Кольцо казачка подарила,
Когда казак ушел в поход.
Она дарила-говорила,
Что скоро буду я твоя…».
Мне почему-то запомнилось, что многие казаки, сидевшие за столом, после исполнения этой песни начинали вспоминать разные эпизоды этой, сравнительно недавно завершившейся войны, участниками которой им довелось быть. В застольных беседах собравшиеся в застолье казаки рассказывали о своём участии в боях Русско-японской войны 1904-05 годов.
А ещё я запомнил отрывок удалой казачьей песни, которую все присутствовавшие на пасхальной гулянке в нашем доме, пели с приплясом, с гиканьем и свистом: «Эх-эх, эй!!! Эха-эй!!! Скачет сотня казаков-лихачей!..». Возможно, это была старинная строевая походная песня. В детстве я очень любил слушать подобные песни: то тоскливо-протяжные, то наоборот, весёлые и озорные. Пели у нас в доме и русские народные песни. Надо сказать, что в моем детстве песня в нашем доме присутствовала постоянно. Например, когда мама с моими старшими сестрами занимались каким-либо рукоделием: пряли, вязали, шили, готовили запасы на зиму, то они непременно при этом напевали старинные русские песни. Причем, песни пели во время пути по дороге в поле, пели за работой, пели на обратном пути домой. Словом, песни играли в любой обстановке, которая способствовала пению. Особенно памятны летние вечера, когда многие семьи возвращались после тяжелой сельской работы в поле по домам. Каждая семья ехала на одной-двух повозках и ехала непременно с песней. В те далекие годы это было обычной нормой. Мы, ребятня, из числа тех, кого из-за малолетства или по каким-либо иным причинам не брали на пашню, в поле, заслышав эти вечерние песни, бежали за околицу села, навстречу своим родным, подсаживались к ним на телеги и включались своими неокрепшими ещё голосами, в стройный хор певцов - наших родных и любимых людей…
В конце 20-х-начале 30-х годов прошлого века в стране была начата т.н. «коллективизация» - создание аграрных коллективных совместных хозяйств (колхозов), в которые, что скрывать, многих единоличников загоняли силой. К тем же, кто по каким-либо причинам не хотел вступать в колхоз, применяли различные методы "убеждения" и принуждения. Вот как это происходило с хозяйством моего отца, в семье которого было семь детей: в 1930 году его середняцкое хозяйство подверглось «раскулачиванию». Всё имущество у нас описали и отобрали. Так в один миг все нажитое за долгие годы имущество семьи стало собственностью местного сельсовета. Кроме этого, сам глава семьи, его жена и совершеннолетние дети также были лишены избирательных прав. Кроме того, всем детям т.н. «лишенцев» запретили посещать школу и покупать в лавке потребкооперации (местном магазине) какие-то ни было продукты и необходимые в хозяйстве вещи: соль, спички, керосин итд. Дополнительно, нашу семью обложили большим сельскохозяйственным налогом. Помню, что отец должен был сдать государству дополнительно ещё 600 пудов хлеба и достаточно большое количество молока, а также масла и кожсырья... Понятно, что такие объемы начисленного налога нашей семье было не потянуть.

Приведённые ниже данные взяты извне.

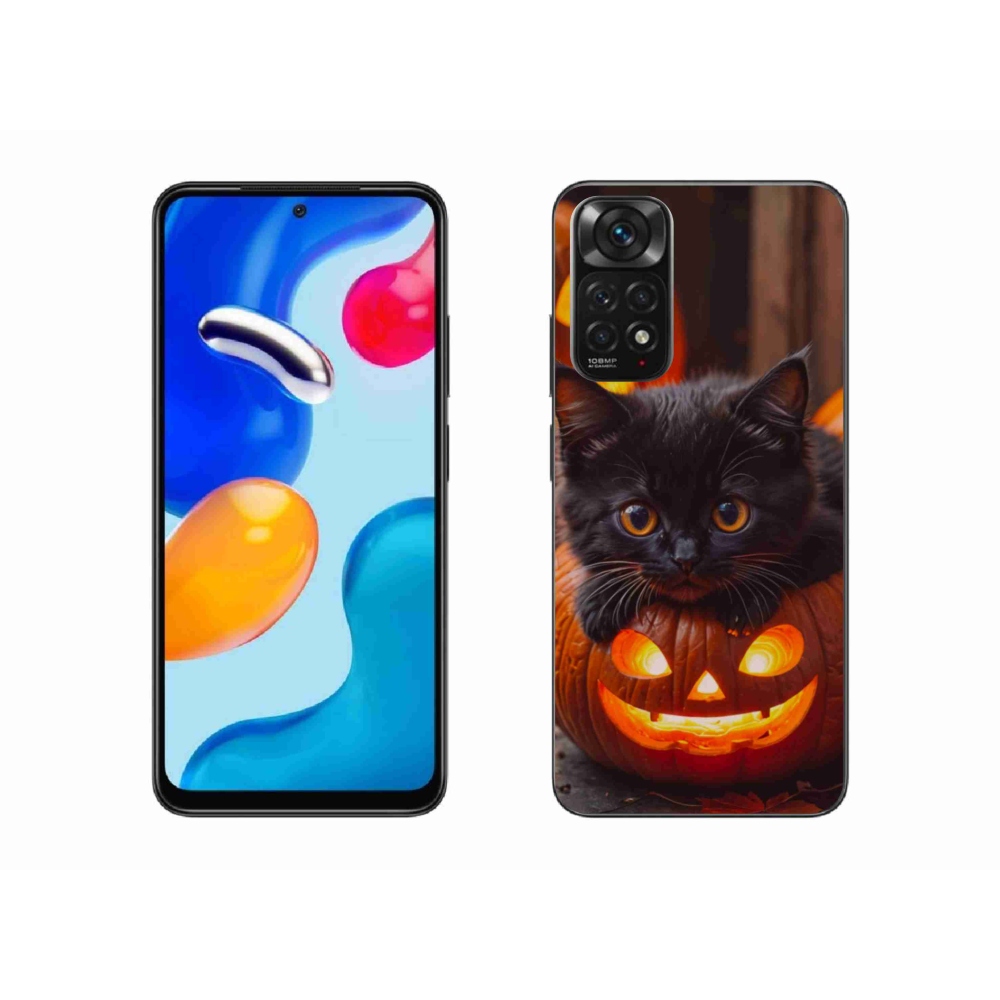 Gelový kryt mmCase na Xiaomi Redmi Note 11S - kotě a dýně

За срыв этого "твёрдого задания" весной 1930 года мой отец, родовой монокский казак А.И. Байкалов, был арестован и препровожден в Минусинскую тюрьму. Затем «особая тройка» ПП ОГПУ Запсибкрая приговорила его «террористическую деятельность» - невыполнение задания советской власти по сдаче хлеба и других продуктов к высылке на вечное поселение в Туруханский край. Вместе с ним были высланы из Монока ещё полтора–два десятка казачьих семей: Александровы, Байкаловы, Воротниковы, Сипкины, Терских, Упелицыны и другие…

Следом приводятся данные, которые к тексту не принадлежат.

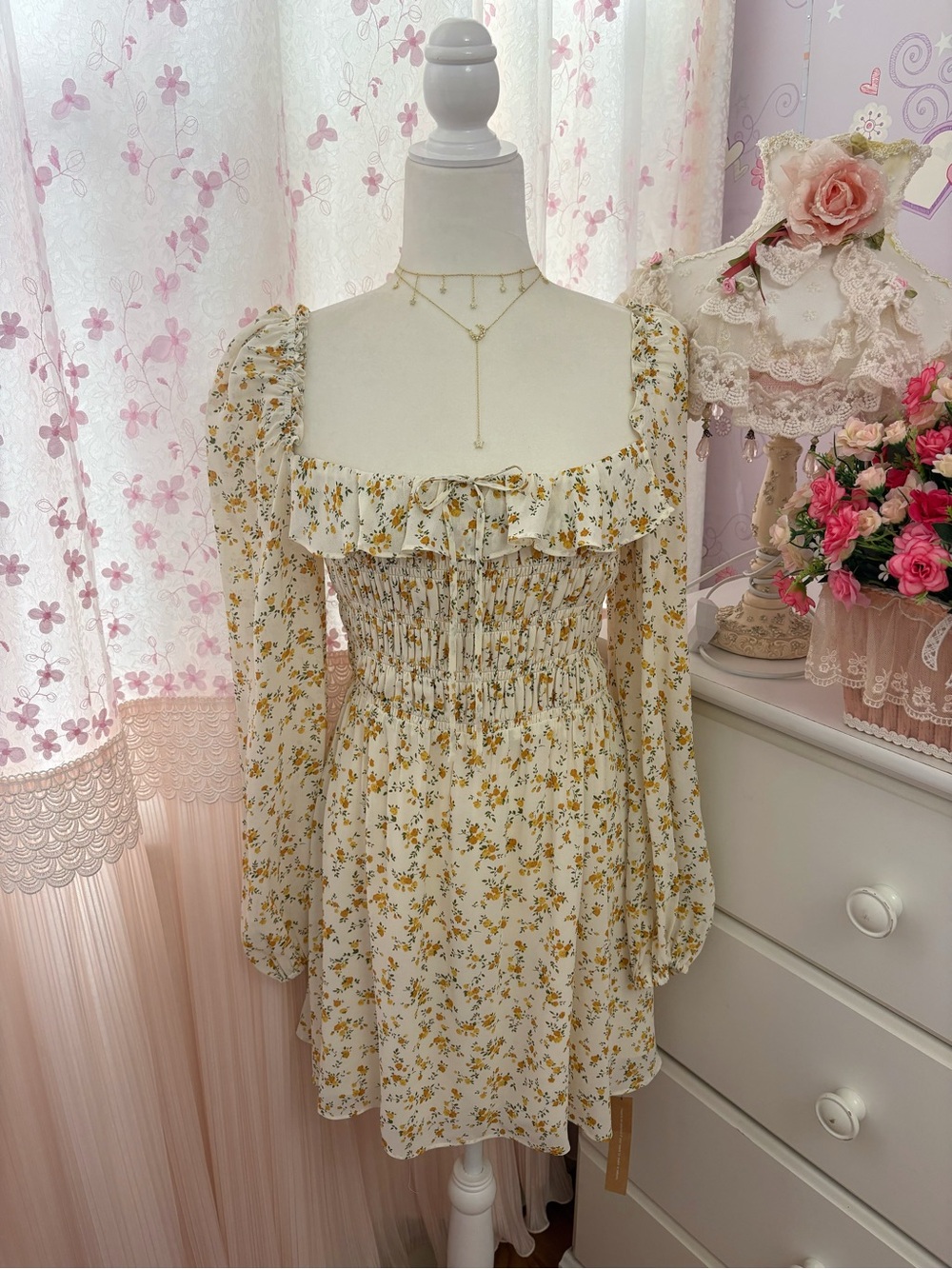 Reformation Morris Mini Dress Yellow Floral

После «раскулачивания» у нашей семьи отобрали крестовый дом, который был описан сельсоветом в счёт погашения отцовского долга, поэтому семья первое время была вынуждена поселиться в "риге", стоящей на соседней усадьбе. В те нелегкие для нашей семьи времена, в Большом Моноке нашлись добрые люди, которые нас и приютили. Однако такое положение дел продолжалось не долго. Вскоре высылке подверглись и все остальные члены нашей семьи: мама - Феоктиста Марковна и трое её малолетних сыновей, моих братьев: Михаил (1910 г.р.), Василий( 1919 г.р.) и я.